- Born: 5 May 1933 Birmingham, England
- Died: 12 August 2009 (aged 76)
- Occupation(s): Actor, Director, Dramatist

= Stephen MacDonald =

Stephen MacDonald (5 May 1933 - 12 August 2009) was a British actor, director and dramatist.

MacDonald was brought up and educated in Birmingham, where he trained as an actor, but subsequently worked extensively in Scotland as a theatre director.

As a writer, MacDonald is best known for his 1983 play, Not About Heroes, which concerns the relationship between World War I poets Siegfried Sassoon and Wilfred Owen, and has been produced internationally including an Off-Broadway run with Edward Herrmann and a run at the National Theatre, London, where MacDonald played Sassoon.

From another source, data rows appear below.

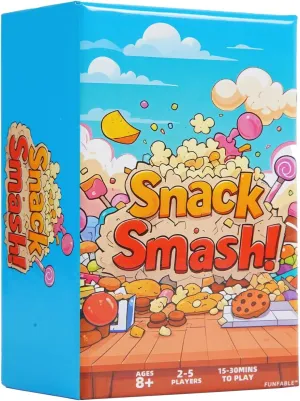 Snack Smash: Family Card Games - Great Gift for Kids, Family or Adult Game Night | Funny Card Games for 2-5 Players Ages 8  | Collect Chocolate, Chips, Candy, Cookies & Popcorn Card to Win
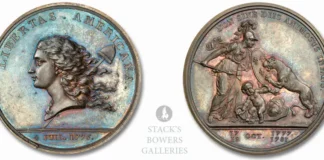 Sole Finest Silver Libertas Americana Medal in Stack's Bowers August 2024 Global Showcase Auction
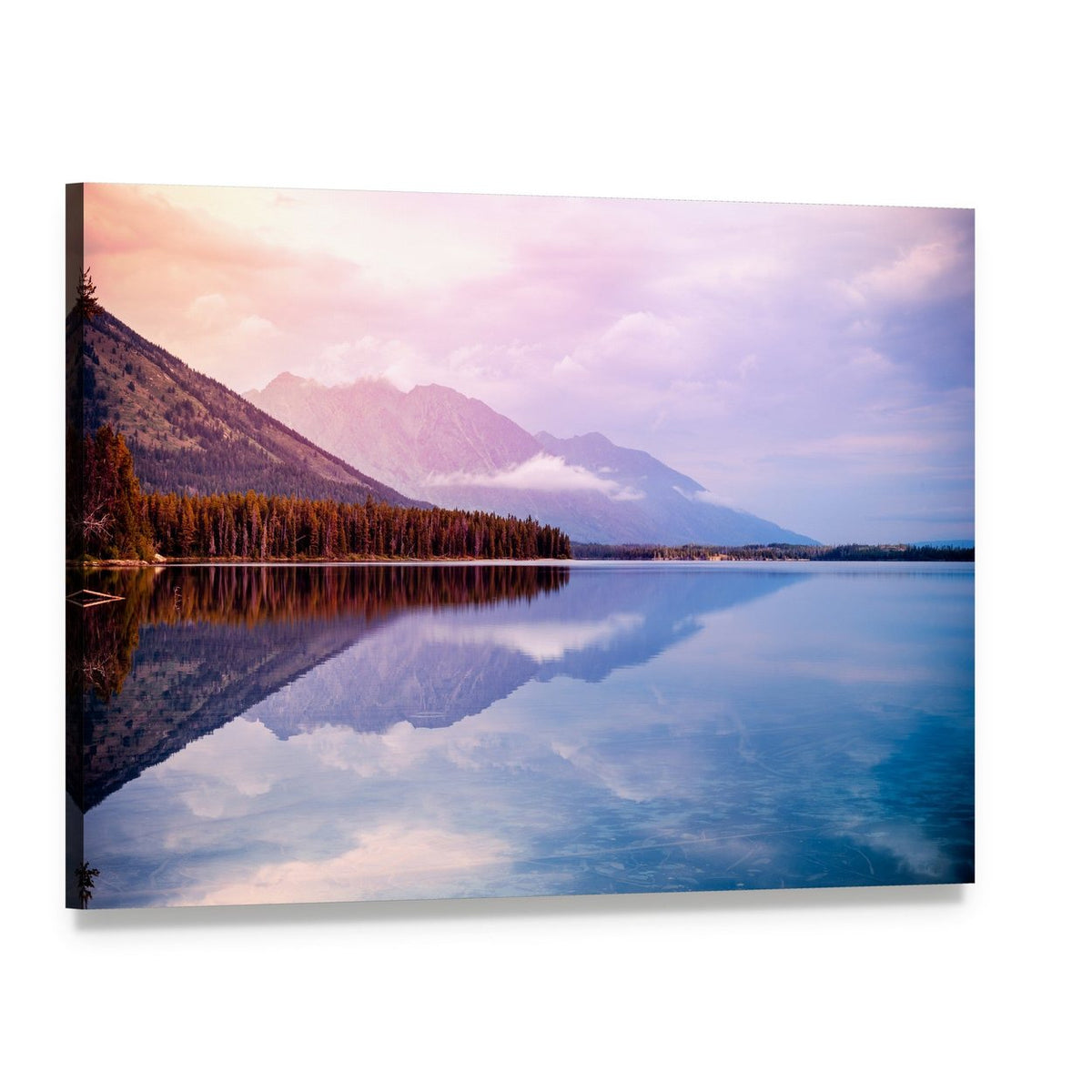 Leigh Lake Sunset Reflections Canvas Wall Art, single panel gallery wrapped canvas, angled product view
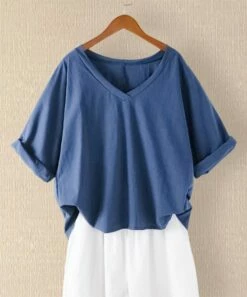 Top 10 ✔️ IZURIA Blue Short-Sleeve V-Neck Top - 👩 Women ✨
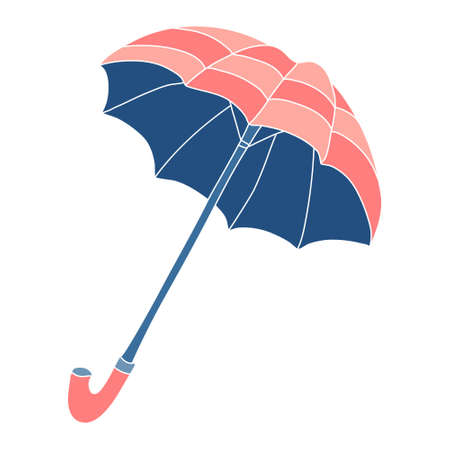Open striped coral and blue umbrella. Hand drawn vector illustration isolated on white background.のイラスト素材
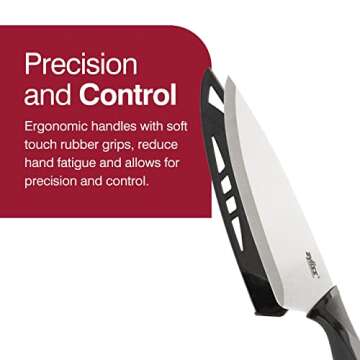 Zyliss 6 Piece Knife Value Set - Kitchen Knife Set with Sheath Covers - Chef's, Santoku, Utility, Serrated Paring, Paring & Peeling Knives - Stainless Steel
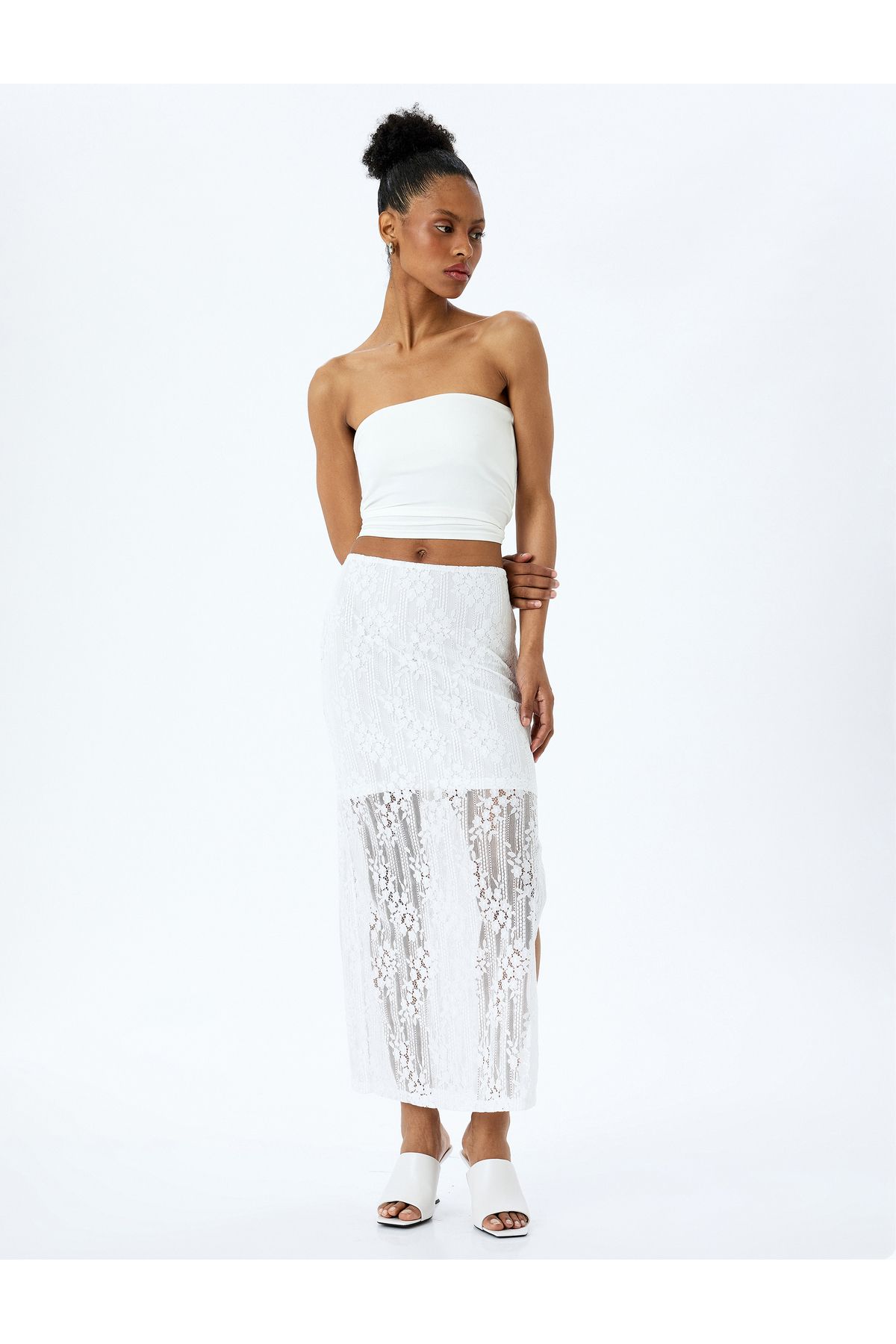 Koton-Half Lined Long Lace Skirt with Slit Detail 2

In 1971 he began his directorial career, at Leicester Phoenix Theatre. He was instrumental in turning around the fortunes of the Dundee Repertory Theatre in 1972, where as artistic director he mounted 11 new plays by Scottish authors, including Ian Brown, Stewart Conn, Tom Gallacher, John McGrath and Hector MacMillan.

After this post he became artistic director of the Royal Lyceum Theatre in Edinburgh. As he had at Dundee, he promoted drama that looked afresh at historical events.